Novell channel partners are expressing mixed reactions to news that the software vendor, once a critical player in the channel, will be acquired by Attachmate for $2.2 billion.
"We've been assured by Novell that there are no planned changes to partnerships," said Phil Cook, lead architect for identity management technology at Identropy, a Novell platinum partner that provides managed services built around the vendor's identity management software. Cook said Novell sent an e-mail to reassure all of its partners on Nov. 22, the day the sale was announced.
"We're proceeding with business as usual," he said.
Last week Novell unveiled a deal to be acquired by Attachmate for $2.2 billion. Attachmate, based in Bellevue, Wash., develops software for terminal emulation, legacy software modernization, systems and security management, and application integration. The companies expect to complete the acquisition in the first quarter of 2011.

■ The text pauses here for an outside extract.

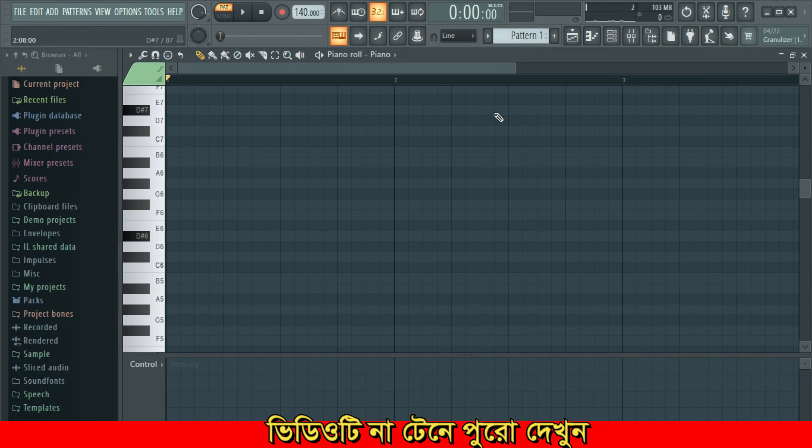Asalaamu alaikum, kya amana chen? Shabay anek bhalwa chen, alhamdulillah. Today we will talk about a unique topic in this video about music theory and chord progressions.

Novell, based in Waltham, Mass., has been in play since March when it rejected a buy-out offer from investment firm Elliott Associates valued at approximately $2 billion. While Novell directors said that offer undervalued the company, it's been an open secret that it has been for sale -- either as a single entity or split up.
One long-time Novell partner, who asked that he not be identified, shrugged at the news of the acquisition. Novell today accounts for only about a third of his company's business compared to more than 50 percent five years ago. "It's mostly been a maintenance thing," he said of his Novell-related sales today. The majority of the company's sales today are Microsoft, VMware and Hewlett-Packard products.

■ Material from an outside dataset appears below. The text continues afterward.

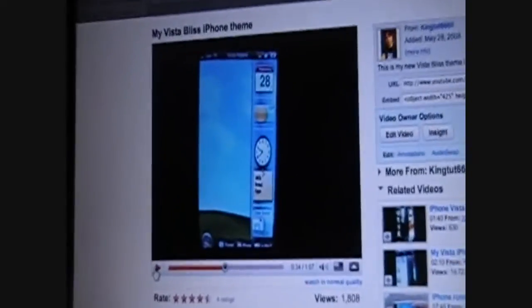Okay guys, today I'm going to try to show you how to install Vista Bliss, just like my video. I use it. Alright, first off, you're going to turn it on.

The solution provider said Novell had become difficult to work with, particularly in 2007 and 2008. Margins shrank to 5 to 7 percent on software licensing deals, he said, then to 3 percent when resellers had to work through distributors. And there has been constant turnover among the account representatives the solution provider dealt with. "We have to keep explaining ourselves to people within Novell," he said.
His advice to Attachmate? It should drop the Novell name, which he said is too closely associated with the aging NetWare network operating system, and focus on building the brand names of its newer products such as SUSE Linux.

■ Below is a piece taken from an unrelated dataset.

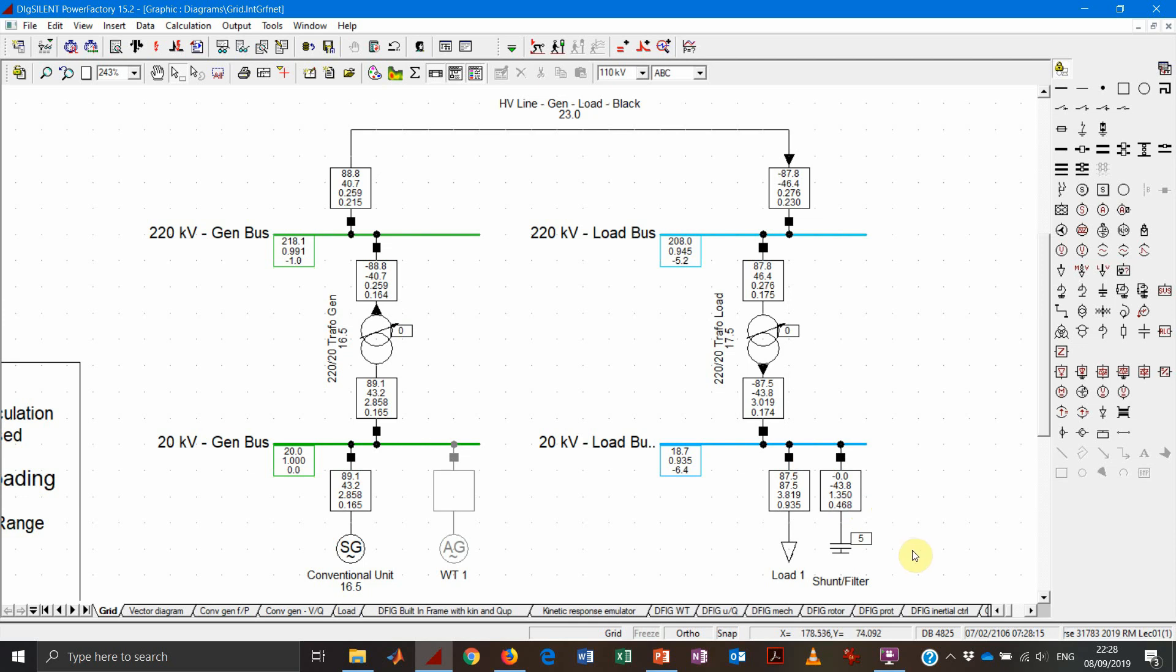And that's pretty much covering all the components that we have in our grid.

Others, however, were more upbeat on Novell's future. "It's definitely going to be a net positive for Novell," said Aaron Fulkerson, CEO of MindTouch, an ISV partner in Novell's SUSE Appliance Program. He said becoming a part of Attachmate would force Novell to focus on its core technologies, including its open source products.
MindTouch develops software around the SUSE Linux platform and last week the company debuted the MindTouch Enterprise Wiki for SUSE Linux Enterprise environments.
Novell has "been in a holding pattern" since the company said it was willing to be acquired. Novell executives have said that uncertainty about Novell's future had taken a toll on sales.